New York State released fatality data for individual nursing homes, painting a much grimmer picture of the toll taken by the COVID-19 virus.
The state’s Department of Health quietly updated its chart of nursing home deaths to include those who died at hospitals as well as in the facilities. The update added more than 4,000 deaths to the state tally as of Thursday.
The Upper East Side Rehabilitation and Nursing Center had 29 deaths at the home, and another 51 in a hospital.
Information for the Bronxcare Special Care Center had previously showed only eight COVID-19 deaths. But there were 20 additional deaths in the hospital, according to the new data.
At the Boro Park Center for Rehabilitation and Healthcare, an additional 41 people died in the hospital on top of 32 at the home.
And there were 32 residents of the Parker Jewish Institute for Healthcare and Rehabilitation in Queens who died at the hospital in addition to 83 at the home.
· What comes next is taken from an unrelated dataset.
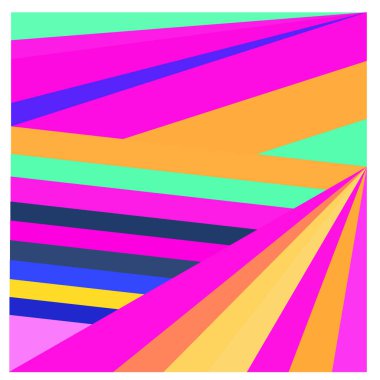 Kaynak için vektör renkli geometrik ve eğri arkaplan deseni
The state Department of Health had refused for months to provide the information until it was forced to by a judge Thursday.
A state judge ordered New York’s Department of Health to release records about nursing home residents who died of COVID-19 in a ruling that said the agency’s failure to do so already was a “violation” of New York’s open government law.
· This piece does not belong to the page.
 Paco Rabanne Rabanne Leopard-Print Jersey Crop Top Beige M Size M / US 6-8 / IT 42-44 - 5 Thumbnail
Acting Albany Supreme Court Justice Kimberly O’Connor blasted the DOH for claiming it could not produce the data, and ordered the stats released within five days. The Empire Center for Public Policy had sought the information under a Freedom of Information Law request.
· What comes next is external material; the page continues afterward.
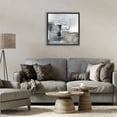 thumbnail image 3 of Stupell Industries Contemporary Still Waters Monochrome Abstraction Black Floating Frame Canvas Art, 18 x 18, by Susan Jill, 3 of 8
State Health Commissioner Howard Zucker finally released the total number of nursing home deaths on Jan. 28, putting the figure at 12,743 with the hospital fatalities, instead of 8,740. The disclosure came after Attorney General Letitia James produced a report saying the number of deaths could be as much as 50% higher than officials claimed.
The state has been criticized for early directives that mandated ill-equipped and understaffed nursing homes accept COVID-19 patients, knowing the elderly population was most at risk for the virus.
The total number of deaths puts New York’s fatalities ahead of California’s by about 2,600, the Empire Center found.